Your assignment: Give back the line that contains "Vuori Strato Mens" and every following line, exactly as they appear, through the end of the data.

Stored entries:

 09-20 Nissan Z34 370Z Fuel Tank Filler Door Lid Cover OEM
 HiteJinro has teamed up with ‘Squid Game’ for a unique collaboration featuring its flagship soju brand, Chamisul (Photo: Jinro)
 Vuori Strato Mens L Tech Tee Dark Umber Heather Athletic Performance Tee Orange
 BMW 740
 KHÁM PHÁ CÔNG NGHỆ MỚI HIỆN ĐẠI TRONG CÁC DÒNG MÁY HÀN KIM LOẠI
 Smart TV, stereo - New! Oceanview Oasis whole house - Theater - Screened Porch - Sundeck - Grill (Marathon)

Task response:
 Vuori Strato Mens L Tech Tee Dark Umber Heather Athletic Performance Tee Orange
 BMW 740
 KHÁM PHÁ CÔNG NGHỆ MỚI HIỆN ĐẠI TRONG CÁC DÒNG MÁY HÀN KIM LOẠI
 Smart TV, stereo - New! Oceanview Oasis whole house - Theater - Screened Porch - Sundeck - Grill (Marathon)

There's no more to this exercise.